WDCN-LD, VHF digital channel 6, branded on air as La Nueva 87.7, is a low-powered Spanish-language television station licensed to Washington, D.C., United States. WDCN-LD markets itself as a conventional radio station broadcasting Spanish contemporary hits.

History
In the analog television era, stations on television channel 6 broadcast an FM audio signal at 87.75 MHz which is receivable by ordinary FM radios. These stations, colloquially known as "Franken-FMs", took advantage of this fact and a loophole in Federal Communications Commission (FCC) regulations that only require a television station to broadcast some kind of video content, not that the video and audio content are related.

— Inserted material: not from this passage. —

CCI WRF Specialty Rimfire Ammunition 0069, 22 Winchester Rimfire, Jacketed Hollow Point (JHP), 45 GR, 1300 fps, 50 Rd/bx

Low-powered analog stations were exempt from the 2009 digital television transition, allowing WDCN-LP to continue operating as a Franken-FM. However, the later set a 2021 deadline for all low-powered stations to cease operating in analog. Several Franken-FMs proposed experimentally embedding an FM carrier at 87.7 MHz inside an ATSC 3.0 signal, which tests later showed to be technically feasible; the FCC is allowing this under special temporary authority, provided the stations broadcast at least one accompanying television service, and the FM and television signals have similar coverage.

WDCN-LP signed off on July 13, 2021, the day on which the FCC ended all analog television operation nationwide. It restarted operations on October 5, 2021, carrying The Country Network and the embedded "La Nueva" FM signal.

WDCN-LP previously simulcast on co-owned WOWZ-LP, another low-power channel 6 station, licensed to Salisbury, Maryland and serving the Ocean City-Salisbury area; that station has since switched to a simulcast of WVES.

Sports programming
From 2010 through 2012, WDCN-LP was the home for Spanish-language broadcasts of D.C. United soccer games. WDCN-LP carried all of the team's games, including those not broadcast on television.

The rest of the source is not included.